→ **WHAT THE TASK ASKS**: Print out the entries from the line containing "this 700×542 image." through the last line, exactly, and print nothing else. Pictures are not copied.

→ **LISTED RECORDS**:
§ §
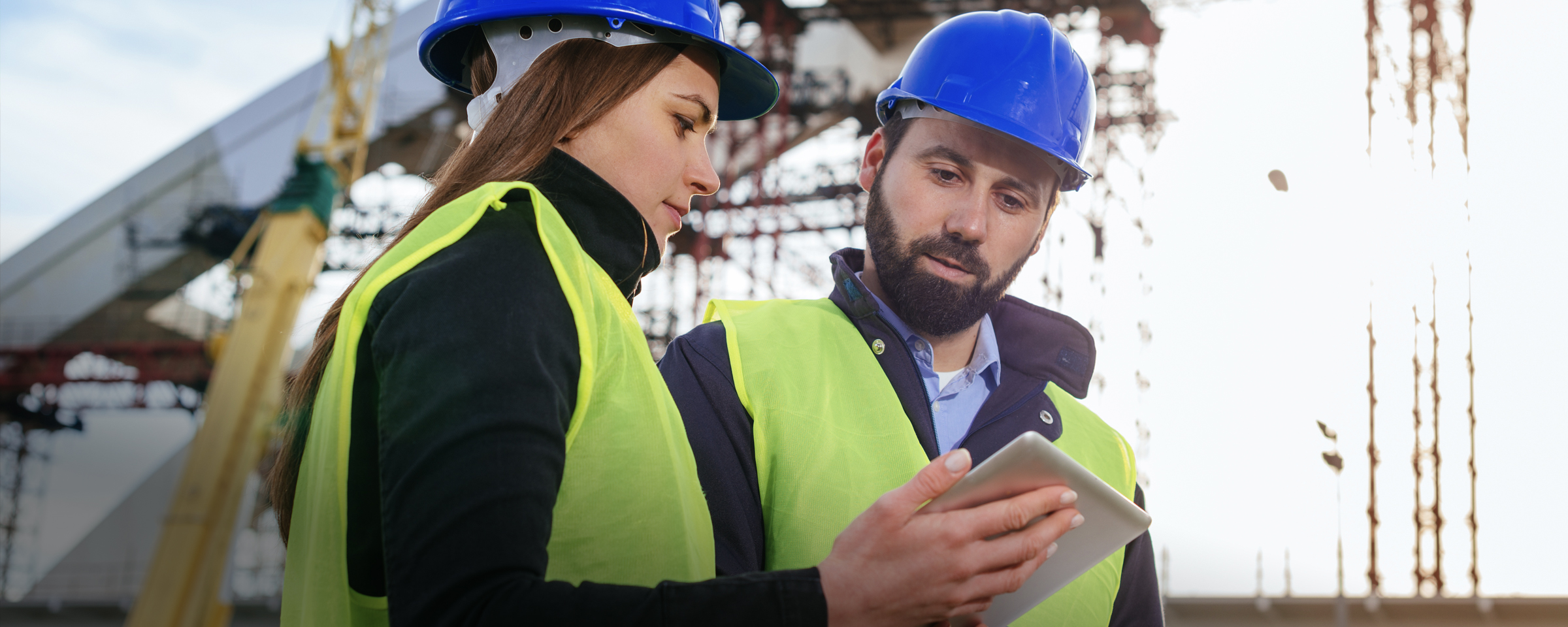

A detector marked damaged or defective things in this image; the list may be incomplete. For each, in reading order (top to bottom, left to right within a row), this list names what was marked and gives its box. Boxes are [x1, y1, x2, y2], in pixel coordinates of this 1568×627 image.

rusty steel framework [633, 1, 1166, 366]
rusty steel framework [1367, 0, 1474, 598]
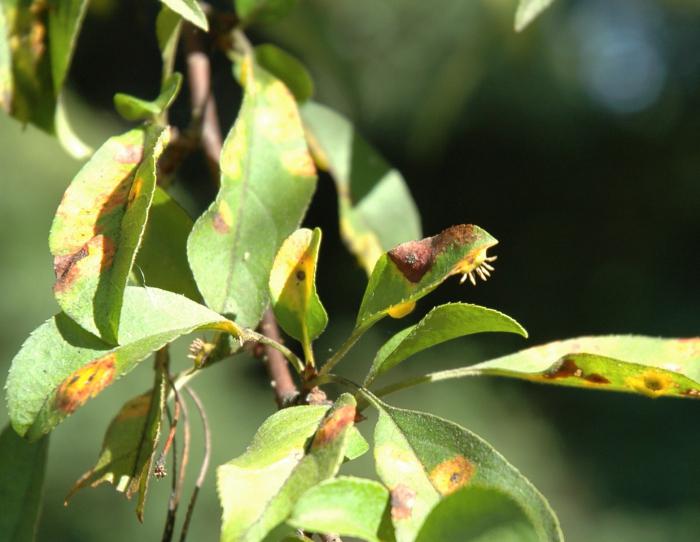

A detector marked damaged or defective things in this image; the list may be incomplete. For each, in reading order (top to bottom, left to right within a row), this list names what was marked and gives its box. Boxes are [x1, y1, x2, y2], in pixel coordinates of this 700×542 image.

orange rust spot [114, 143, 144, 165]
orange rust spot [53, 234, 116, 294]
orange rust spot [388, 225, 482, 284]
orange rust spot [55, 356, 117, 416]
orange rust spot [544, 360, 584, 380]
orange rust spot [312, 406, 356, 448]
orange rust spot [426, 454, 476, 498]
orange rust spot [388, 486, 416, 520]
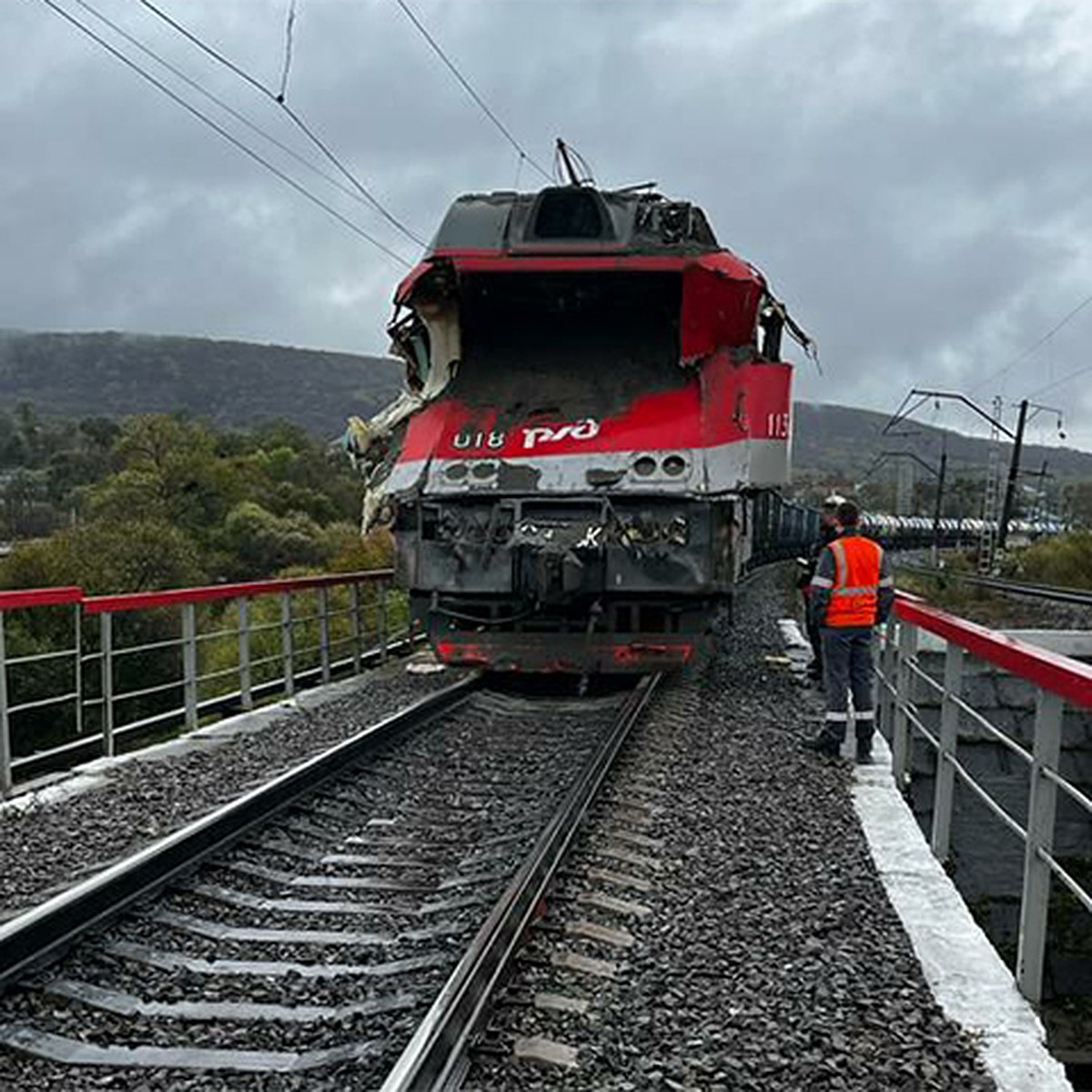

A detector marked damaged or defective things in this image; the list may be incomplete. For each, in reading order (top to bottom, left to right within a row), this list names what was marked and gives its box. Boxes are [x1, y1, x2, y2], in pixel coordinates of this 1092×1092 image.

damaged locomotive [346, 184, 815, 670]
§ §
→ **RESPONSE**:
A detector marked damaged or defective things in this image; the list may be incomplete. For each, in reading order (top to bottom, left to right within a row), this list names what was marked and gives its box. Boxes are [x1, y1, x2, y2], in pixel coordinates of this 700×542 image.

orange rust spot [114, 143, 144, 165]
orange rust spot [53, 234, 116, 294]
orange rust spot [388, 225, 482, 284]
orange rust spot [55, 356, 117, 416]
orange rust spot [544, 360, 584, 380]
orange rust spot [312, 406, 356, 448]
orange rust spot [426, 454, 476, 498]
orange rust spot [388, 486, 416, 520]

A detector marked damaged or defective things in this image; the list may be incomplete. For each, in reading order (top to bottom, left to right within a row), this list names what was marked and gives its box. Boxes are [x1, y1, x2, y2], in pixel coordinates of this 1092×1092 image.

damaged locomotive [346, 184, 815, 670]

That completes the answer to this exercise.